Hoy la fiesta milenaria del desierto recaba un ejército de dispositivos tecnológicos que alteran las relaciones sociales jibarizando la cultura y la condición humana misma. Expande un denso interfaz inmersivo, de corte «digitalizante», que alarga el tiempo de trabajo a costa del personal, social y familiar. Obviamente sin tiempo de lectura, y sin sosiego, no hay literatura que valga. La comunicación se comprime en lecturas apresuradas y superficiales de 280 caracteres. Followers e instagramers ágrafos hacen recomendaciones sin juicio, y, de otro lado, el intelectual se descompromete de lo que es y debe, erigiéndose en especie zoológica. Con estos mimbres, poetas y poemarios se vuelven anécdotas, y la buena literatura se reduce a minorías; anaqueles de visualización vertical.

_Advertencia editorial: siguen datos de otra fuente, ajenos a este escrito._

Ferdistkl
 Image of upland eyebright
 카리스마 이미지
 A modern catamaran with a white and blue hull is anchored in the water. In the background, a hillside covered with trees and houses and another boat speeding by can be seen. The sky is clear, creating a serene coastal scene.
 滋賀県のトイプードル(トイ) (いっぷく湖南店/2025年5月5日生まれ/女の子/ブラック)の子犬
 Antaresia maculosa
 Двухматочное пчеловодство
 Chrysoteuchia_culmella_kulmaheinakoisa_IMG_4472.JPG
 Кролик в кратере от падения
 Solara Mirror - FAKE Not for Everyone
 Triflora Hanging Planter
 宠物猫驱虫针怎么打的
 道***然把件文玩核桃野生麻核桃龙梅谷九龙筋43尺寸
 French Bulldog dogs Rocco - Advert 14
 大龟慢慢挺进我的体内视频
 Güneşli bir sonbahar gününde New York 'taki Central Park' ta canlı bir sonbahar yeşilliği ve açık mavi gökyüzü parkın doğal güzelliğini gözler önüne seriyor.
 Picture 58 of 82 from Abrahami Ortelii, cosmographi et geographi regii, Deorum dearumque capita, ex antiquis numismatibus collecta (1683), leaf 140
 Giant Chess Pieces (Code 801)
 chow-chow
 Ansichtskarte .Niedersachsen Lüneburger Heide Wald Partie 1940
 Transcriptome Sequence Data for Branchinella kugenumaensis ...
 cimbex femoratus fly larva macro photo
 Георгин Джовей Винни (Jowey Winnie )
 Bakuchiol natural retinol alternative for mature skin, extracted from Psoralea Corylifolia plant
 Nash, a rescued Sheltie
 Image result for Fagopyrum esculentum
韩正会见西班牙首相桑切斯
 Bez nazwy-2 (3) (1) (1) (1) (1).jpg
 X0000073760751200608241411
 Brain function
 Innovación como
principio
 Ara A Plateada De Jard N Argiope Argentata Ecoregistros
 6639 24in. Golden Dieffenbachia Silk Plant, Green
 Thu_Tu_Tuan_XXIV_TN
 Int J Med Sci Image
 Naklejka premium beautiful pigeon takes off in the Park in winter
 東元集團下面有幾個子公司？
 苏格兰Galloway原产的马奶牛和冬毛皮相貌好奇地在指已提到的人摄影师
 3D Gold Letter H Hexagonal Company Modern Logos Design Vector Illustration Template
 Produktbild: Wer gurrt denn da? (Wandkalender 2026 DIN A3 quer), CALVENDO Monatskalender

Se quiera o no reconocer, si la cultura jibariza pusilánimemente, la libertad queda herida de muerte. La gran paradoja del milenio es que los avances en libertades apuren vastos retrocesos de alienación, insolidaridad, incomunicación y aislamiento. Las fiestas de la digitalidad secuestran los ojos opiáceos; y de seguido, encapsulan sus auras. Golpes Bajos también lo avizoró magistralmente: «No mires a los ojos de la gente/ me dan miedo, siempre mienten/ escóndete en el cuerpo de los huéspedes/ todo está oscuro, no pueden verte». Lo peor es que puede ir a peor.